With that (and a drumroll, please), the winner of Pay it Forward here at Thunderstorms Highly Likely is notsojenny. Hooray! Balloons, streamers, etc. If you don’t already read her, you should; she’s fantastic.
Here are the official stats from the secret magic randomizer (aka random.org):
There were 7 items in your list. Here they are in random order:
- notsojenny
- margot
- la
- lawyerish
- bunny
- ashley
- um…yum!
Timestamp: 2008-05-05 03:20:20 UTC
Send me your contact info, Miss Number One, and I’ll send on your goodies.
Luck—sometimes you have it, sometimes you don’t.

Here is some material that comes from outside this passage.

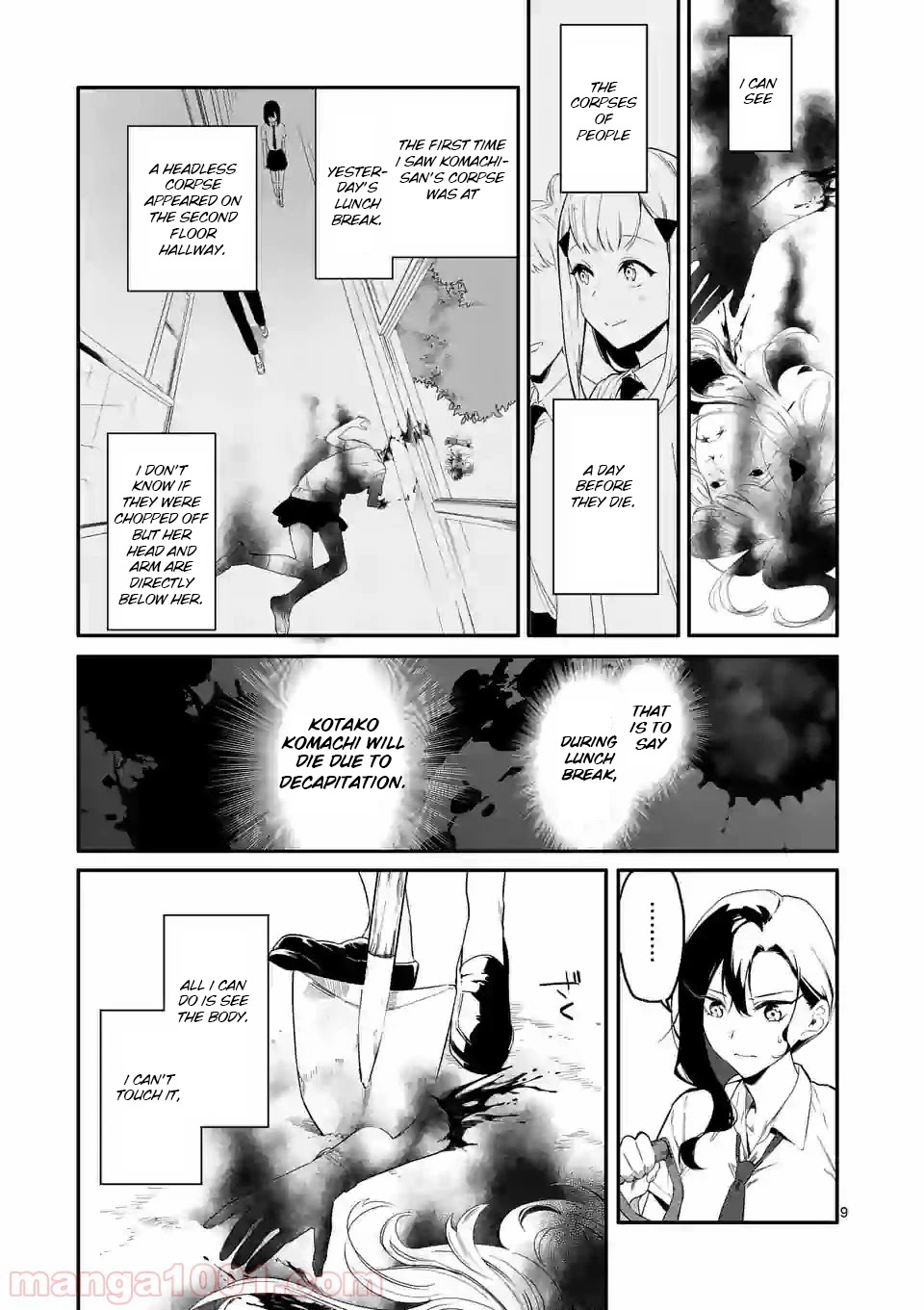 Liar Satsuki Can See Death Chapter 1 page 9 - Chapter 1: Decapitation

A horse named J. Alfred Prufrock raced in the Virginia Gold Cup yesterday. If I were a betting girl, I would have put my chips down on him. And, coming out of the second jump, it’s Head West in the lead, followed closely by J. Alfred Prufrock, and King Lear making a valiant charge ahead, the announcer-man says. Those odd words just rolled off his tongue, taking with them my support and proving that so much, in fact, is in a name.
Let us go then, you and I, when the evening is spread out against the sky. I think of that T.S. Eliot poem every so often, though it usually creeps into my thoughts at work conferences. Days when I’m dead exhausted, lining up for the free coffee in hotel china; I have measured out my life with coffee spoons. Harrowing, really.
Alas, he didn’t win, that horse. I don’t even think he placed. I stood up there at the edge of luck v. reality to cheer him on, however; adding my applause to the sea of hands and voices, claiming a space for me and my sundress among the truly outlandish ensembles on display.
Never again will I walk into JCrew and scoff at the orange pants with green dolphins embroidered on. “Who buys these clown pants?” I’ve asked, rather recently. Ah. Gold Cup goers. The great mystery of crazy expensive preppy plaid baby clothes, too, has been solved. Sure, you may not be wise to bring Junior to the play park in his Vineyard Vines seersucker rompers (with easy-access diaper snaps, natch), and he’ll probably lose his pink checked bow-tie between the car seat and the front part of the shopping cart. But heavens forefend you dress your offspring in anything else to meet your pals at Members Hill!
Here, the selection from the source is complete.